OpenTelemetry offers a uniform and flexible solution for organizations looking to get the most out of high-cardinality data, and it offers a number of tangible benefits, including:
- Standards: A “standard” API means developers can more easily build traces, logs, and metrics into their applications.
- Vendor-agnostic: Forget vendor lock-in, OTel works with any telemetry solution, so teams can change things up as necessary.
- Quick start: OTel’s out-of-the-box auto-instrumentation options for Java, Ruby, .NET, and many more mean it’s possible to start mining data quickly.
- Bespoke: OpenTelemetry lets teams decide what data and metrics matter for them, so it’s possible to work with high-cardinality data in any way that makes sense.
- A supportive community: As the second most popular CNCF project (Kubernetes is the first), OpenTelemetry benefits from a massive and highly active community of contributors and users.
- Futureproof: Because OTel eliminates vendor lock-in and is completely customizable, it can grow and change along with engineering teams.
- Transparency: Every organization wants to get the most insight possible with their observability solution, and OTel’s comprehensiveness and flexibility offers just that.
Challenges of OpenTelemetry
As groundbreaking as OpenTelemtry is, we’d be remiss if we didn’t suggest some patience is required to get started. Instrumentation, especially manual instrumentation, can be daunting—but the payoff in data richness is worth it. There is also the potential issue of having too much data and not knowing what to do with it, or having the proper observability solution that can handle it.
Additionally, the OTel Collector will require teams to spend time and resources on maintenance and updates. All that being said, OpenTelemetry is constantly evolving, with the community of contributors regularly adding new language support and documentation.
OpenTelemetry best practices (a few bullet points)
Here are four ways to get the most out of OTel.
- Put in the effort: Although manual instrumentation can be more of a challenge to set up, the end result is worth it. Manual instrumentation allows you to set your OTel configuration to deliver the data you want and need for observability into your unique applications.
- The OTel Collector is your friend: It not only works with existing data and manages secrets, but it allows teams access to data from other sources.
- Sample the data: OTel is going to bring all. the. data. That will likely be way too much, so cut through the noise by sampling.

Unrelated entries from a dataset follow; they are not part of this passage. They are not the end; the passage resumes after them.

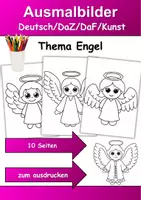 Vorschau - Mal- und Bastelvorlagen - Ausmalbilder Thema Engel - Grundschule - Bastelvorlagen - Deckblatt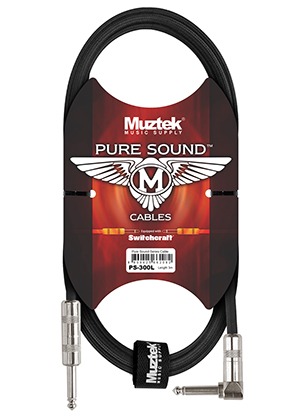 Muztek PS-300L Pure Sound Cable 뮤즈텍 퓨어 사운드 기타/베이스 케이블 (ㄱ자→일자,3m, 국내정품)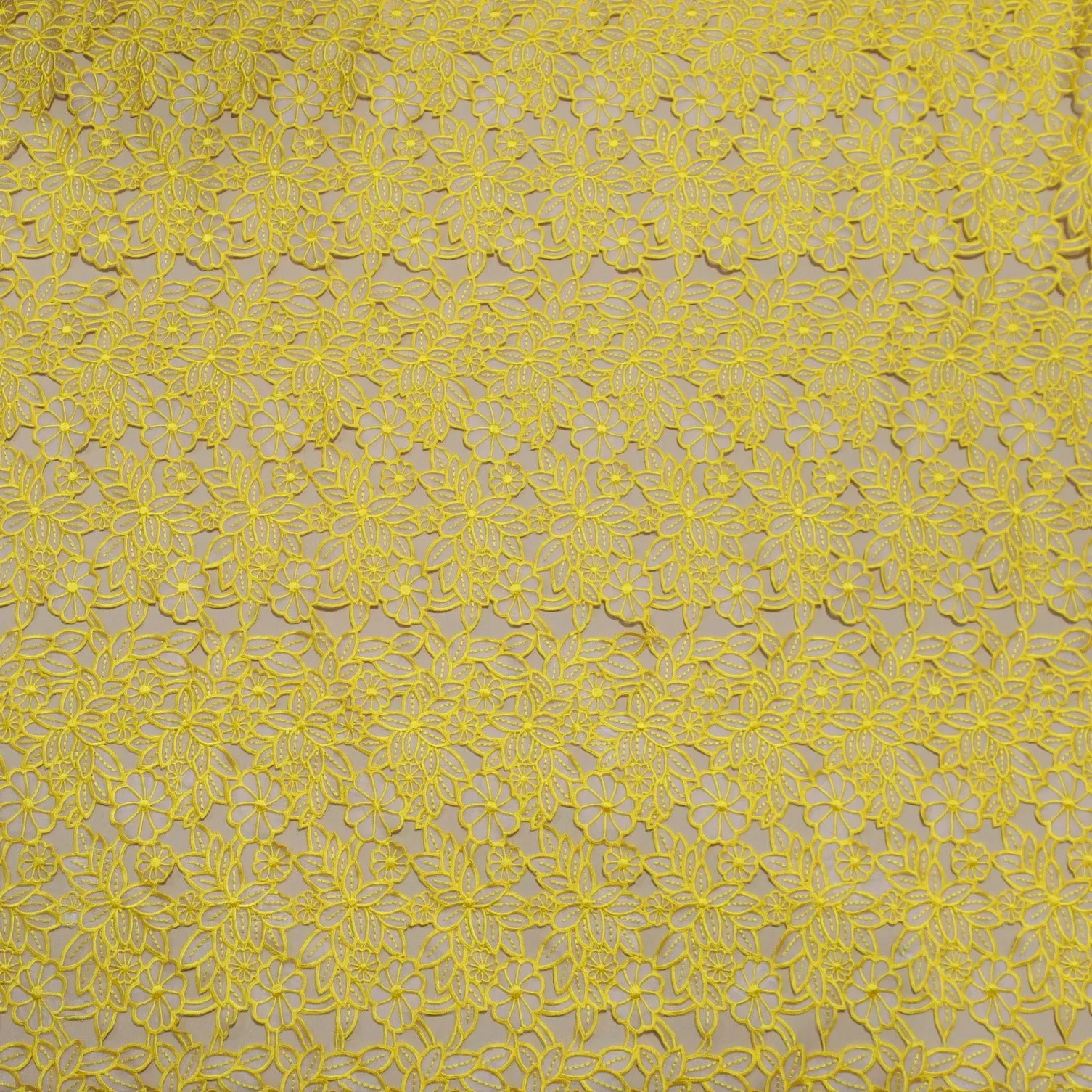 Yellow Floral Embroidered Silk Blend Organza Fabric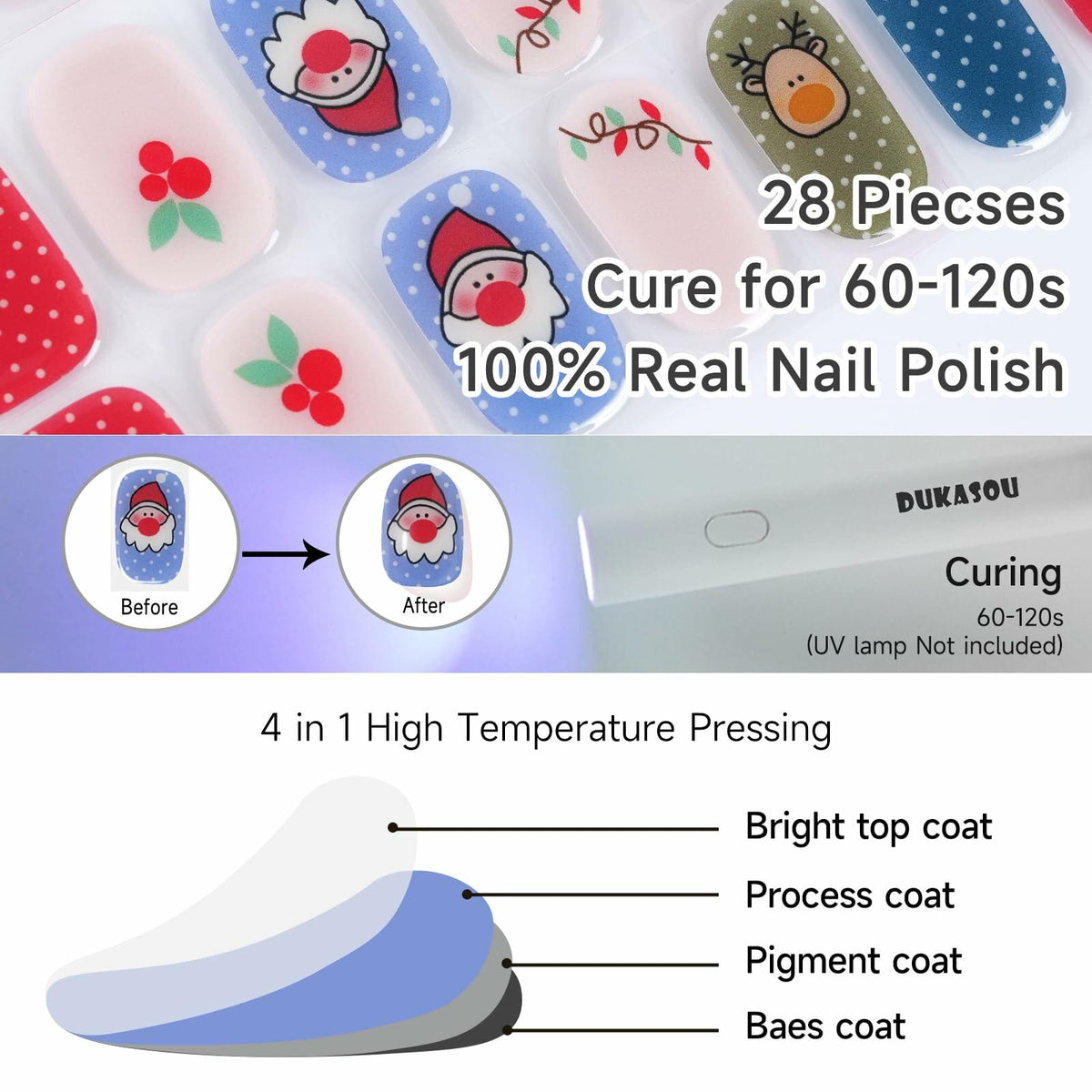 DUKASOU Christmas Semi Cured Gel Nail Strips Santa Claus 28 PCS UV Light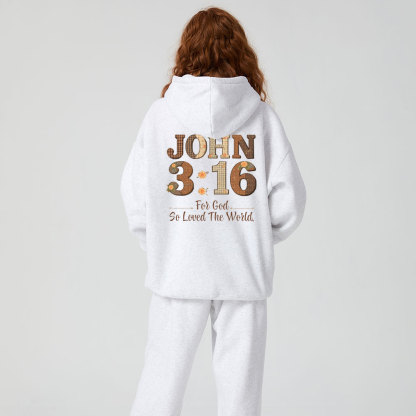 For God So Loved The World Christian Premium Fleece Hoodie Set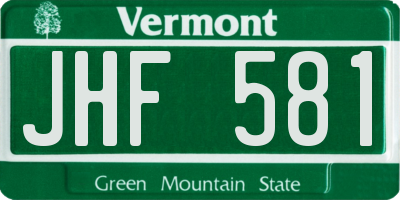 VT license plate JHF581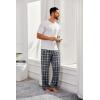COOFANDY Men’s Flannel Plaid Pants Drawstring Cotton Casual Lounge Pants with Pockets(Navy Black White Plaid)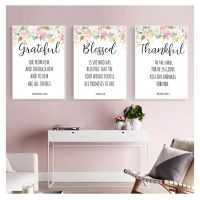 ✶๑ ข้อพระคัมภีร์พิมพ์ Christian Wall Art โปสเตอร์ดอกไม้สีน้ำ Blessed Quotes รูปภาพภาพวาดผ้าใบหน้าแรก Living Room Decor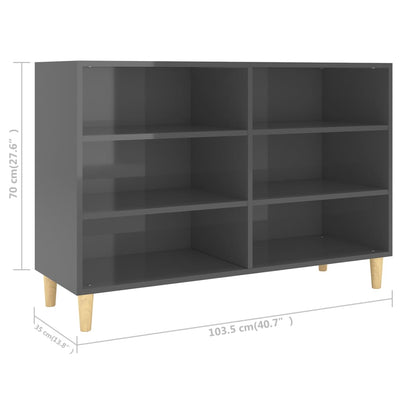 Dealsmate  Sideboard High Gloss Grey 103.5x35x70 cm Engineered Wood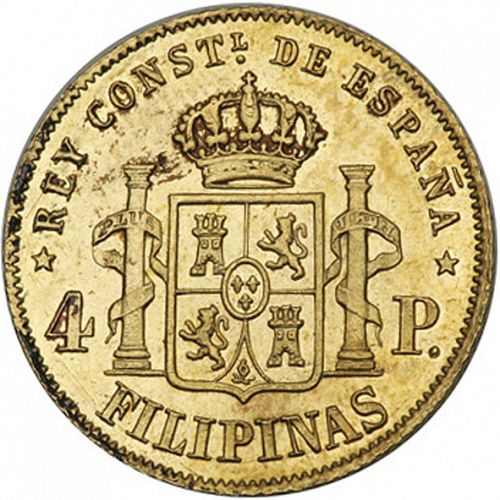 4 Pesos Reverse Image minted in SPAIN in 1880 (1874-85  -  ALFONSO XII - Philippines)  - The Coin Database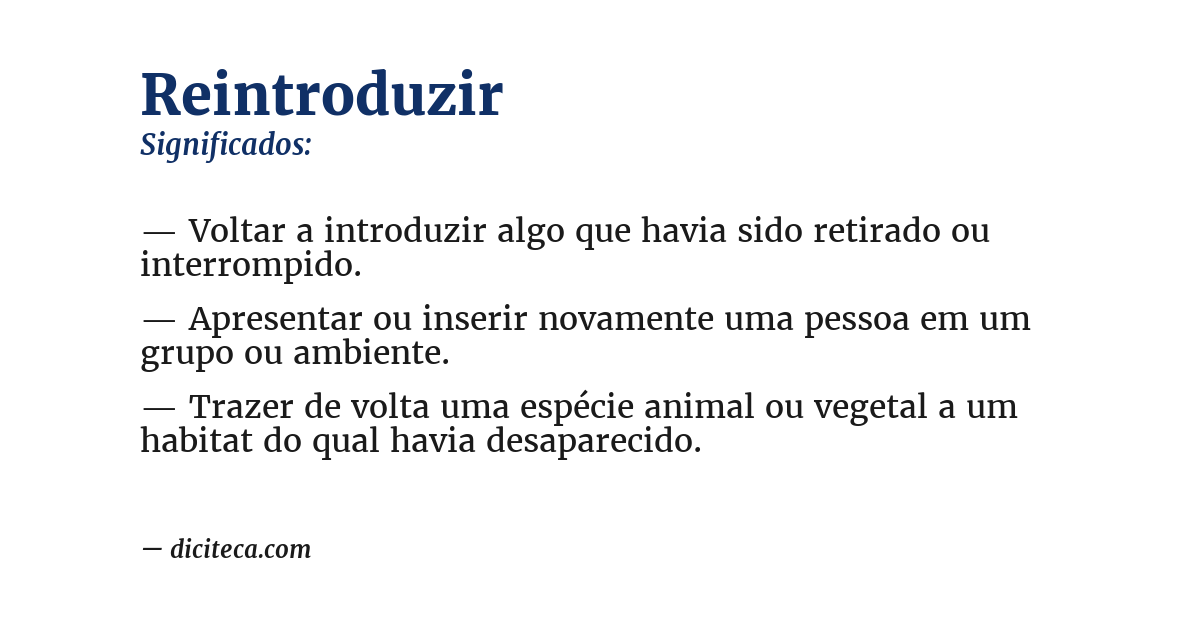 Significado de reintroduzir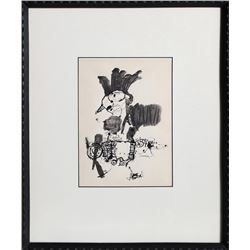 Shlomo Koren, Surrealist Abstract (13) Ink and Wash Drawing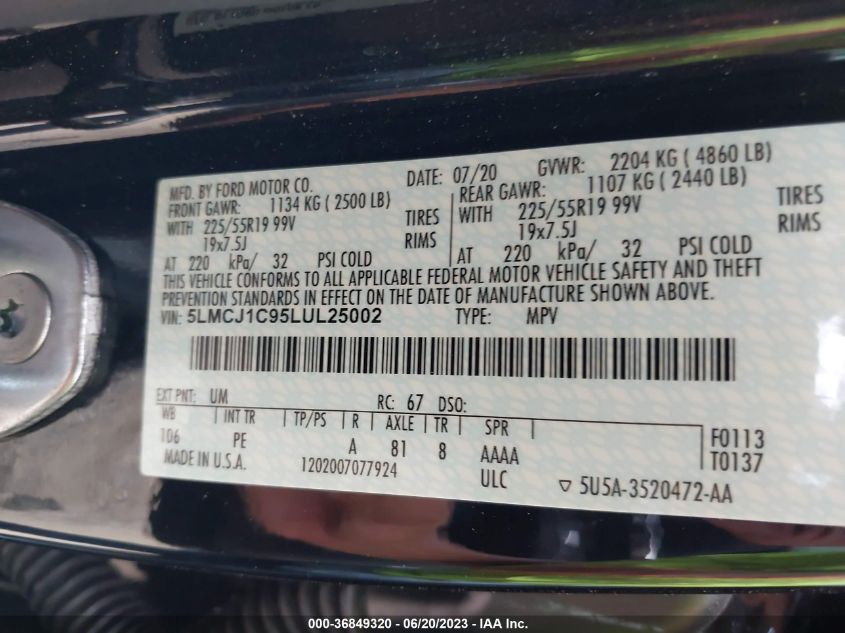 2020 LINCOLN CORSAIR - 5LMCJ1C95LUL25002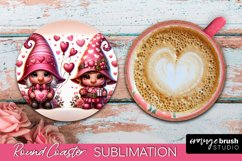Valentine Round Coaster Sublimation, Valentines Day Gnome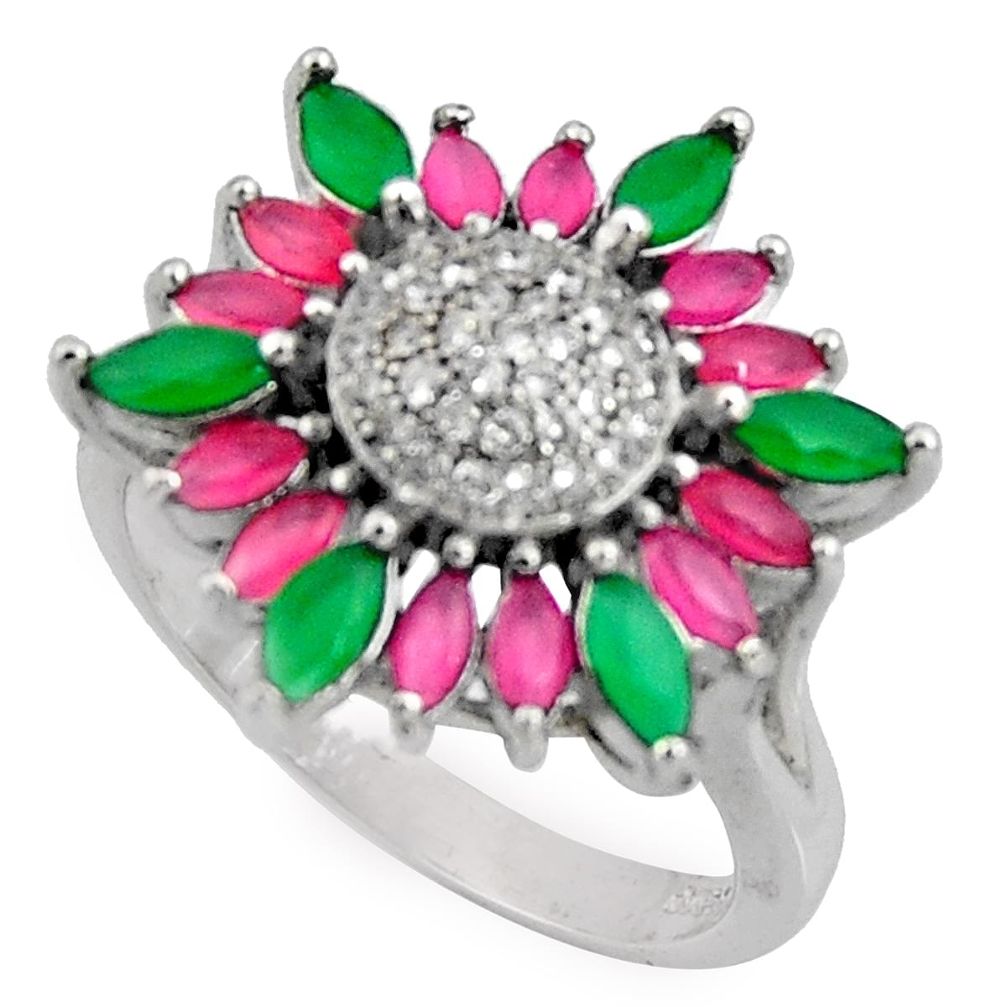 925 sterling silver 5.30cts red ruby (lab) green emerald (lab) ring size 8 c7188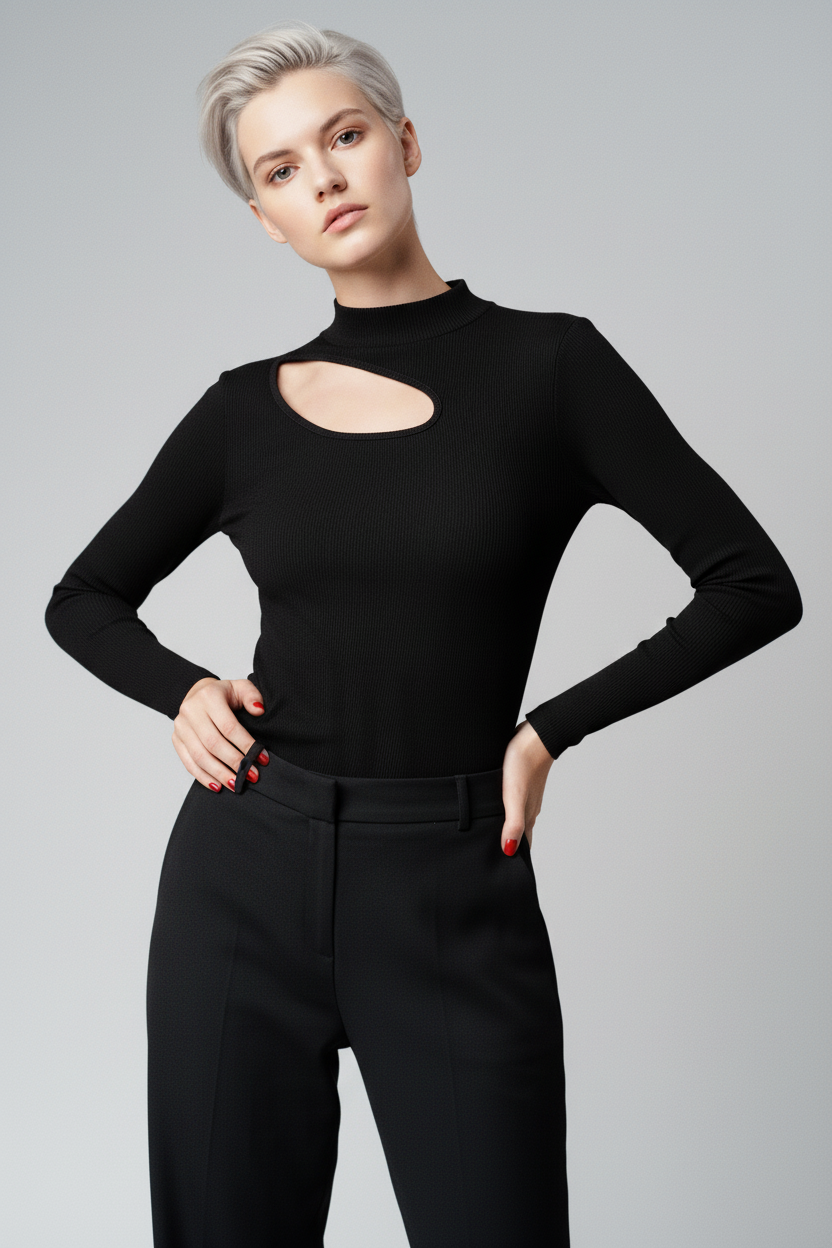 Balıkçı Yaka Kaşkorse Cut Out Detaylı Bluz - Siyah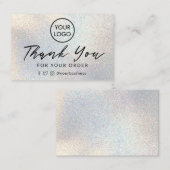 Carte De Visite merci fausse parties scintillant (Devant / Derrière)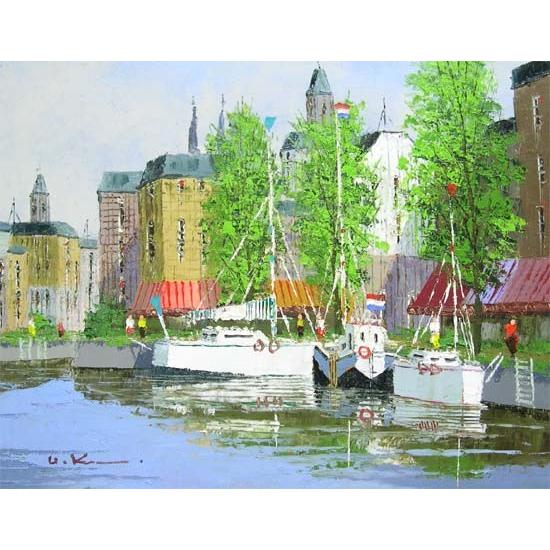 絵画 油絵 運河のある街アムステルダム 黒沢久 肉筆油絵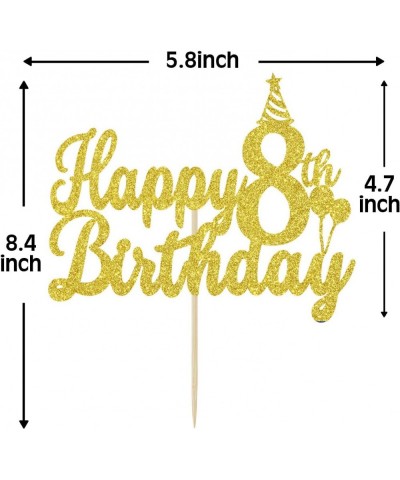 Happy 8th Birthday Cake Topper Eight is Great 8th Birthday Decorations Boy's or Girl's 8 Year Old Decorations Gold Glitter $1...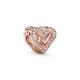 Pandora ékszer Csillogó aszimmetrikus szív rozé charm 788692C01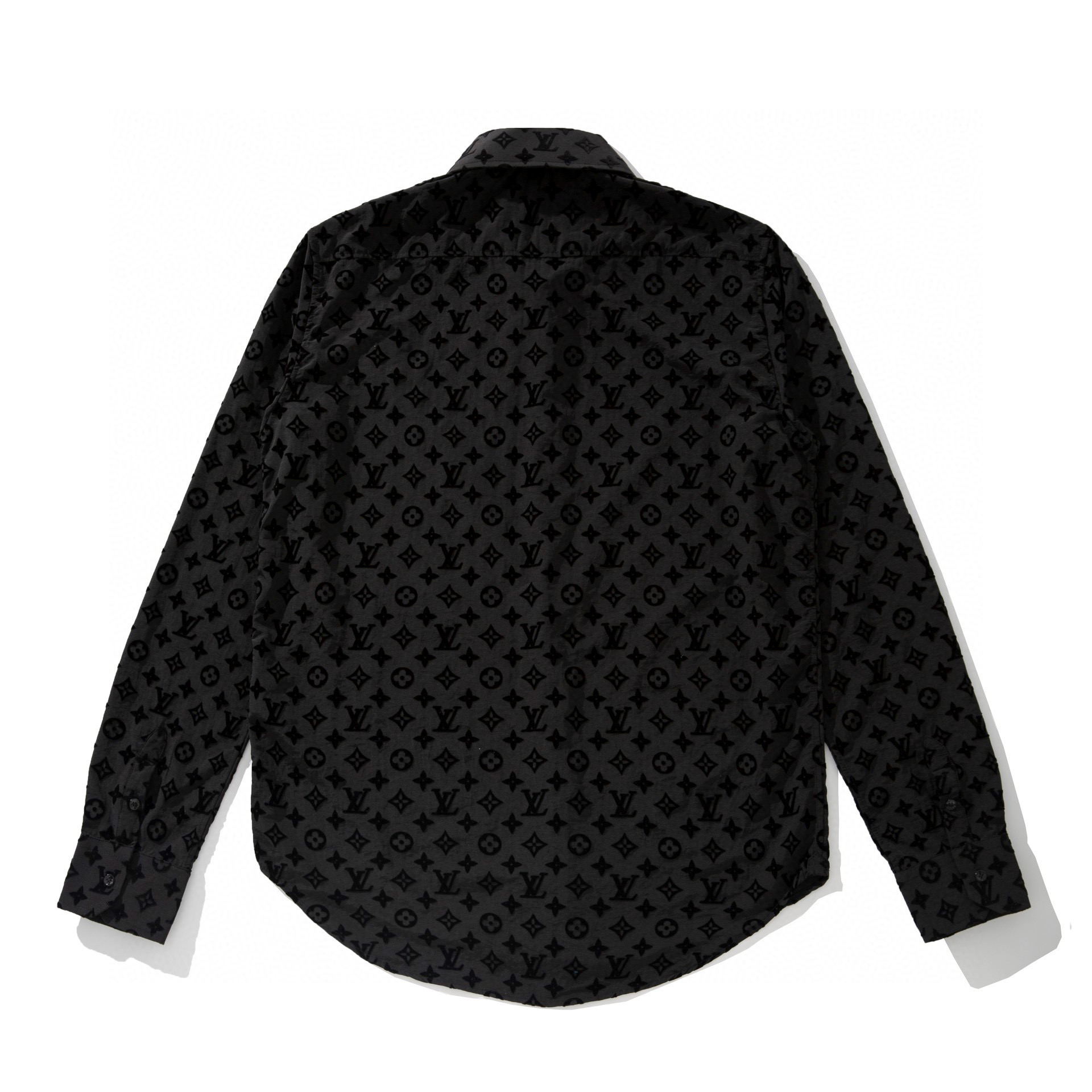 Louis Vuitton Flocked Logo Print Long Sleeve Shirt #nigo1656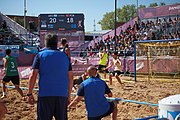 Deutsch: Beachhandball bei den Olympischen Jugendspielen 2018; Tag 7, 13. Oktober 2018; Jungen, Halbfinale – Argentinien-Portugal 1:2 English: Beach handball at the 2018 Summer Youth Olympics at 13 October 2018 – Boys Semifinal – Argentina-Portugal 1:2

- Get active: Join the OTel community and get involved. The CNCF, as well as observability solutions that integrate with OpenTelemetry, host regular workshops and events suited for both brand new users and experts.
Honeycomb’s commitment to OpenTelemetry
Honeycomb supports and contributes to OpenTelemetry. Teams that get the most value from Honeycomb instrument their code as a standard practice: it’s a way of telling their future selves what the code is doing, making it simple to explore in Honeycomb later.
If you have already instrumented your code, send your telemetry to Honeycomb directly or configure an OTel collector to do so. Alternatively, Honeycomb provides OTel SDK distributions for several languages that help you start sending data directly to Honeycomb.
We have hundreds of teams today using OpenTelemetry and Honeycomb. We’re able to bring a different mentality in the way we are able to run and manage our production systems. Everyone wants to join the movement.
Rich Anakor, Chief Solutions Architect, Vanguard
Conclusion
OpenTelemetry is the way the observability world is headed. For teams instrumenting for the first time, or just instrumenting new code, starting with OpenTelemetry simply makes sense. Teams on a different path should likely consider their migration path to OTel, even if it is going to take some time. The standard is still evolving, and some work must be done, but when paired with the right observability solution, will give you unparalleled insight into your systems and applications.